**Work to be completed**
Below are the records; collect from them each line containing the string "Photo".
----
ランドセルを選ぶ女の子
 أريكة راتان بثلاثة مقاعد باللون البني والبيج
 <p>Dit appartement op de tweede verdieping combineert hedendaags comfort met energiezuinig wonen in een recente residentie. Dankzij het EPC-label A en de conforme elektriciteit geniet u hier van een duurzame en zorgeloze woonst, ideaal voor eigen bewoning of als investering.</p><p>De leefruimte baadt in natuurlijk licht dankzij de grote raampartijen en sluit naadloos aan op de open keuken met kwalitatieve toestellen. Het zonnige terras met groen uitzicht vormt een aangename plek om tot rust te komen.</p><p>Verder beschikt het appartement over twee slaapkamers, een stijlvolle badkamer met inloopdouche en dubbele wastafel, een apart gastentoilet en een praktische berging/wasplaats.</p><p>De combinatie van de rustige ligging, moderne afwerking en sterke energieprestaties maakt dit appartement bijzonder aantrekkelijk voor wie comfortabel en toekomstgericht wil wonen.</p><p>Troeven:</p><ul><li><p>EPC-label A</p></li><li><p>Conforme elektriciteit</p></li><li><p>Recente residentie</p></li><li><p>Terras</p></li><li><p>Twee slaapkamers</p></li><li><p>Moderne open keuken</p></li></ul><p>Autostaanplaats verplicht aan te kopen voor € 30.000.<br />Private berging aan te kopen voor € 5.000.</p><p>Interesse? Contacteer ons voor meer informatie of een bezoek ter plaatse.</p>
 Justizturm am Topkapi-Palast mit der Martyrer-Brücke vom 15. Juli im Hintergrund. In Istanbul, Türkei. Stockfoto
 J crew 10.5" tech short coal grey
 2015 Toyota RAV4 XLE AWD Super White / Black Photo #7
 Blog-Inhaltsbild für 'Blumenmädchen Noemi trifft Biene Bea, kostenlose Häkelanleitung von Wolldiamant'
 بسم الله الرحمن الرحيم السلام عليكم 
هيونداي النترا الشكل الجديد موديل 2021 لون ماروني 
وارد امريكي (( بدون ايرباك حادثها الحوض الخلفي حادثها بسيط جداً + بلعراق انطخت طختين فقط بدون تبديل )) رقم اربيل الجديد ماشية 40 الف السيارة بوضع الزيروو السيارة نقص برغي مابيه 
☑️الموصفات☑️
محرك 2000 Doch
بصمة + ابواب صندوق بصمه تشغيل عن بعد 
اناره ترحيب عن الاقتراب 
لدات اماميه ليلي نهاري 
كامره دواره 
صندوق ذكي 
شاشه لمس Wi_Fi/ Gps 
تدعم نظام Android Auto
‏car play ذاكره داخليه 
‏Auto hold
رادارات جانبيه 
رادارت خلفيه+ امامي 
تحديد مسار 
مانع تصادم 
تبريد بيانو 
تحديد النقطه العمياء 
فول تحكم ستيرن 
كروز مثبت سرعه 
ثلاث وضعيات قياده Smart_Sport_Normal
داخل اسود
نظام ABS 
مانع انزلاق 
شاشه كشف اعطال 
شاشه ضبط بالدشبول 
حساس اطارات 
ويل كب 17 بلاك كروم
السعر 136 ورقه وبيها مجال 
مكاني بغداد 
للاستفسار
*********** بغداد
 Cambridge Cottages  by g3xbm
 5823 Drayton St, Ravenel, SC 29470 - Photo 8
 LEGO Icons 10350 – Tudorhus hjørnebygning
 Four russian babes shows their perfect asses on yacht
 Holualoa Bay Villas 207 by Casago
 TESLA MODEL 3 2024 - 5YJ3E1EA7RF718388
----
**Written response**
 2015 Toyota RAV4 XLE AWD Super White / Black Photo #7
 5823 Drayton St, Ravenel, SC 29470 - Photo 8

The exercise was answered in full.